日本有数の歓楽街・銀座で、コロナ禍の苦境を象徴するような“売却劇”が起きた。ソフトバンクグループ(以下、SBG)の孫正義会長兼社長が、個人資産として保有していた「ティファニー銀座本店ビル」を売却したと報じられたのだ。
SBGは2020年3月期の営業利益が1兆3500億円の赤字となる見込みだと発表。5月の決算発表では、「ソフトバンク・ビジョン・ファンド」の損失額が1兆8000億円に達する見通しも示していた。同ファンドの投資先企業からは、コロナ禍で倒産が続出する可能性が指摘されている。経済ジャーナリストの有森隆氏はこうみる。

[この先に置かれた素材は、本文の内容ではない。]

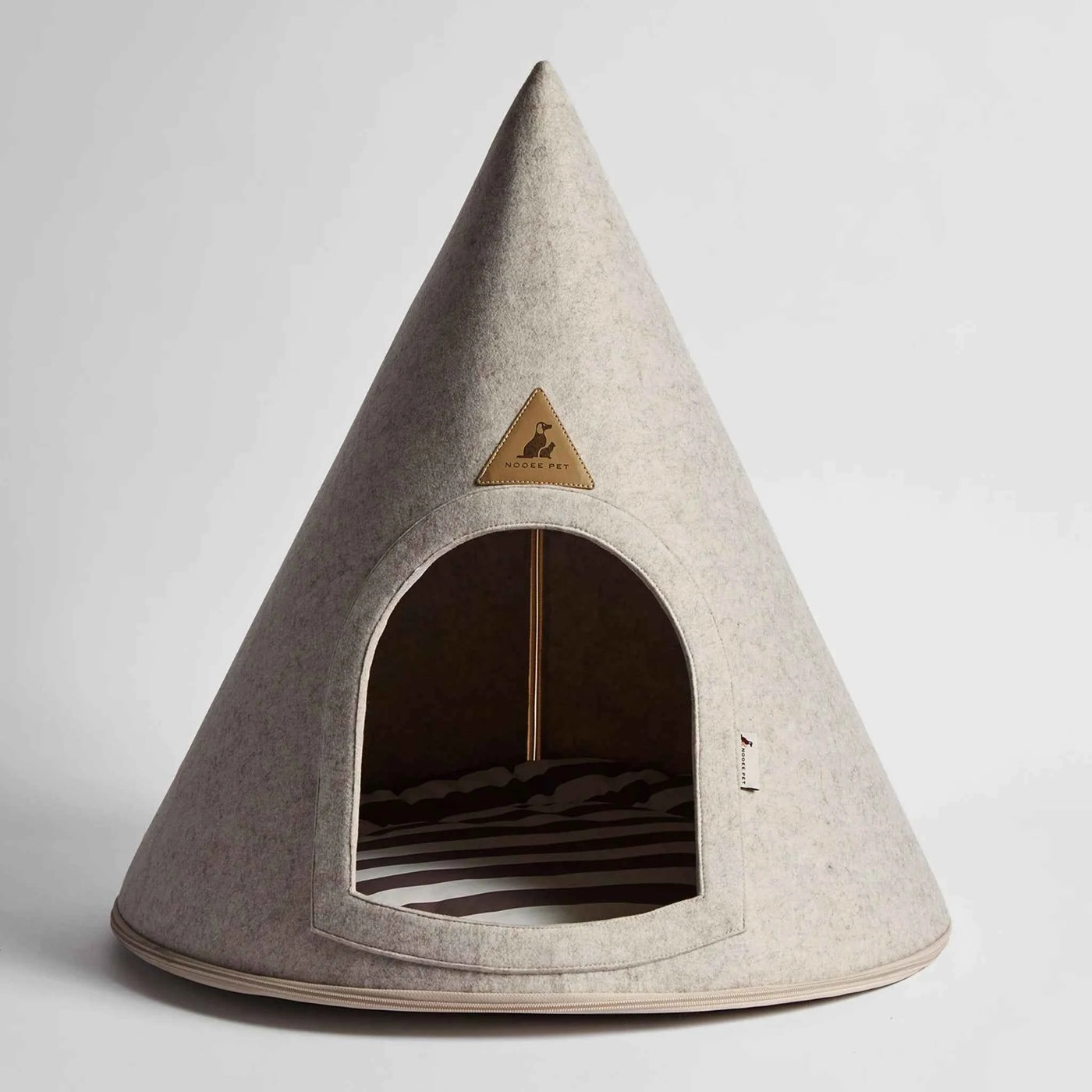 Nooee Harry felt cat cave in Cream/Brown, XXL size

「個人資産のビルを売却することで、投資家や金融機関に対し、襟を正す姿勢を示そうとしているのでは。SBGへの出資者は痛い思いをしているが、孫氏も身を切っているという“アピール”だと受けとめました。
売却先は不動産大手のヒューリックで、売却はみずほグループが仲介したと報じられています。みずほ銀行はSBGに1兆円近くを融資しており、ヒューリックも旧富士銀行の店舗ビル管理から出発した会社で、みずほ銀行から出向している役員も多い。この売却劇を、みずほ銀行がSBGから少しでも資金を回収しようという動きだと見る向きもある」
そんな孫氏を横目に、6月19日、銀座に大型新店舗「UNIQLO TOKYO」を出店したのがファーストリテイリングの柳井正会長兼社長だ。
柳井氏は昨年までSBGの社外取締役を務め、孫氏については「ずっとライバルで同志」と言及するほど交流が深い。